Good’s dead?
Walking past my old high school last Saturday I was struck. Left foot was ahead, right behind, when I recognized “I, too, am a migrant.” These days the migrant category appears generous enough to include flight from any form of oppression. I felt oppressed by the fantasy nature of living on the shores of tourism lulu land, so here I am an unexpected migrant. Ah, but don’t expect me to pick strawberries (unless grown at eye level) or ask you to pick them for me. Along with developing a realization of the unreal uselessness of life based on tourist transience came a building sense of hard work reality in mines, forests, and the transport of product. My old high school shook weekly when the Erie pit or St. James mine shot rock to begin its non-holiday trip out east to Pittsburgh. Being a migrant has a fine contemporary feel I recommend for intellectual merit blended with the back-to-reality call of whistles signaling RR cars of ore on its migrant trip to a new life in manufactured product.

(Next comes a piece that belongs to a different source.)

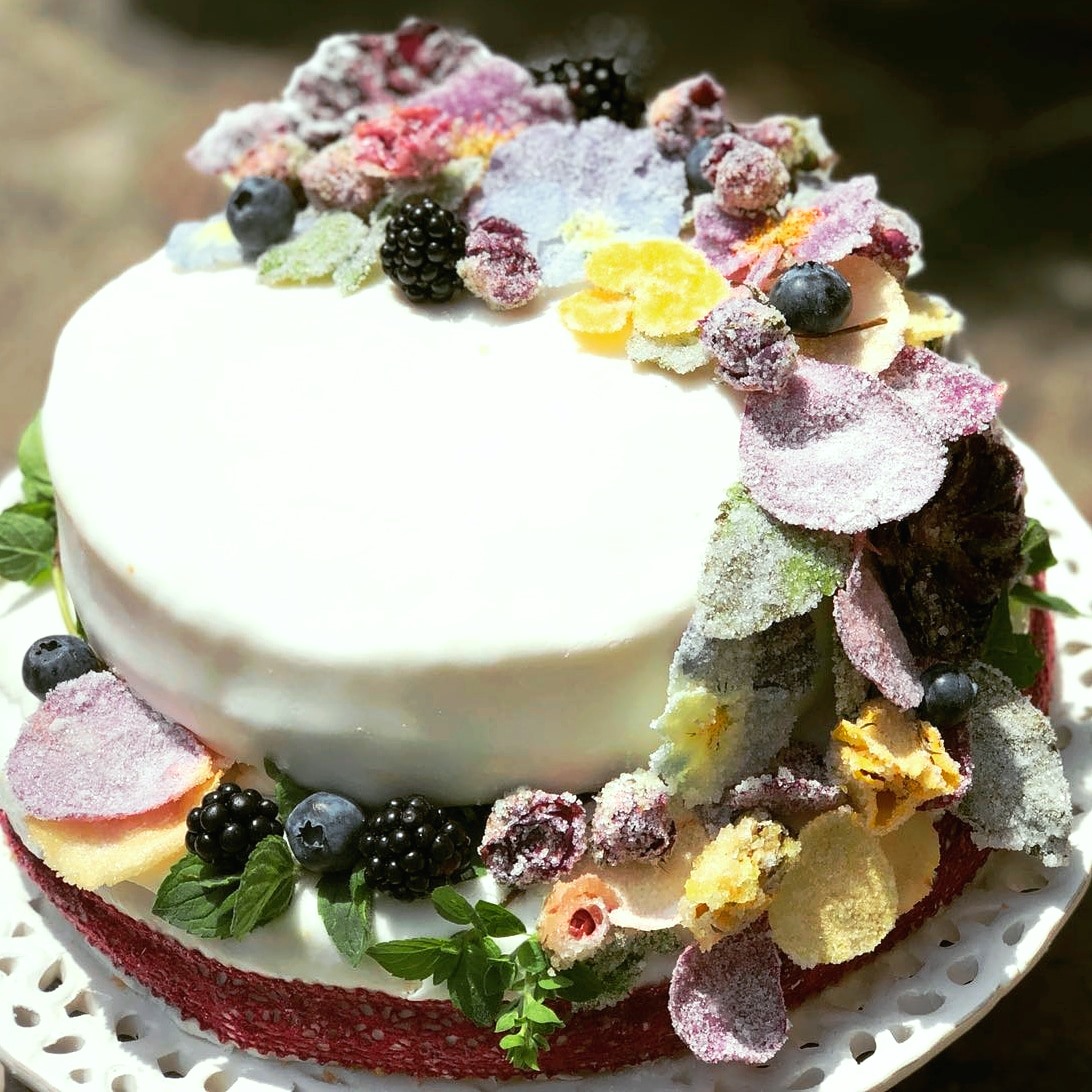 Torta con fiori brinati - Vieni in Carnia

It happened that walking near the old HS reminded me of its library. (Do the upper lever schools near you have libraries with Dante, Ovid, Van Loon, Montague, or Plutarch or do they favor day dreamy fare?) A mid-teen bearing the woes of oddity (it is not ever easy to be eccentric) I was a frequenter of the shelves. I’d struggled with Dante and wasn’t ready for so much when dumb (I know of what I speak) luck led me to Nietzsche famously infamous statement. And again more ever reliable stumbling luck brought a refreshingly mindless response to the philosopher. It was but teen cockiness and iconoclast sparring that brought about my logical riposte. If Fredrick N. is correct then “Good” is dead along with “God.” Earned or not a fifteen year old can have their moment of philosophical purity. Mine was no more than a puberty-like growth spurt telling me that outside of our use of them abstractions do not live at all. Goodness, loyalty, or charity (etc.) do not live and die as living beings do. But we can give such things energetic or mummified life depending on our attention to them. If good is dead in me it’s because I’m directing my vision elsewhere.

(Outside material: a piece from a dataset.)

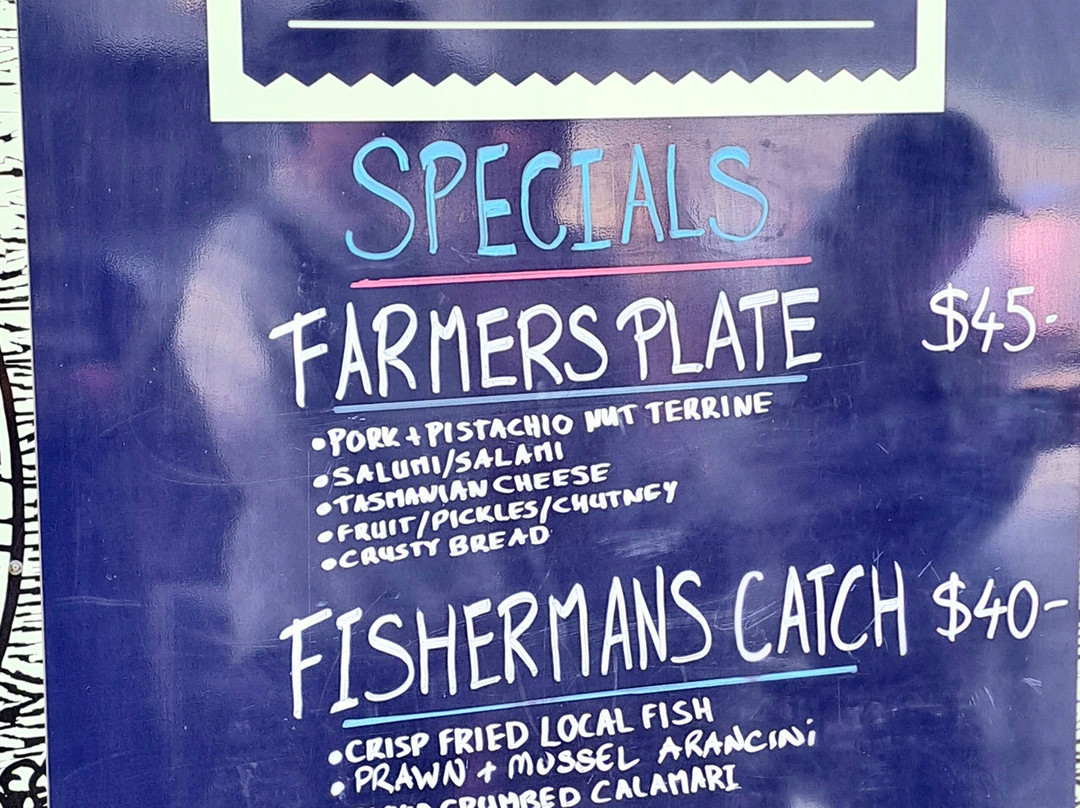 Fisher's of Freycinet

A person need not be a committed athlete to feel the power of the humid locker room full of sweat, sweat sock, and soapy odors. I felt it. I just didn’t feel or respond to it as others did. On the other olfactory the scent of books kept shelved for decades gave me the opium dream high I imagine might inspire a budding jock entering the locker room representing their world. If I recall correctly I was first to sign out The Inferno (or maybe Paradiso) and felt luckily blessed as one making an impossible throw that the book was there waiting patiently over decades for me to take it out to be gaped over by ignorant adolescent eyes. Dante was a challenge to understand. I was by no stretch up to grasping the content. My Latin skills counted for nothing and in honesty I never before heard of the Styx, its boatman, or the coins needed by the dead for the crossing. But we all start somewhere. For most of us that is at illiterate diaper filling base zero. We, each of us, have common and uncommon denominators. You go WOW at something, and I go Huh?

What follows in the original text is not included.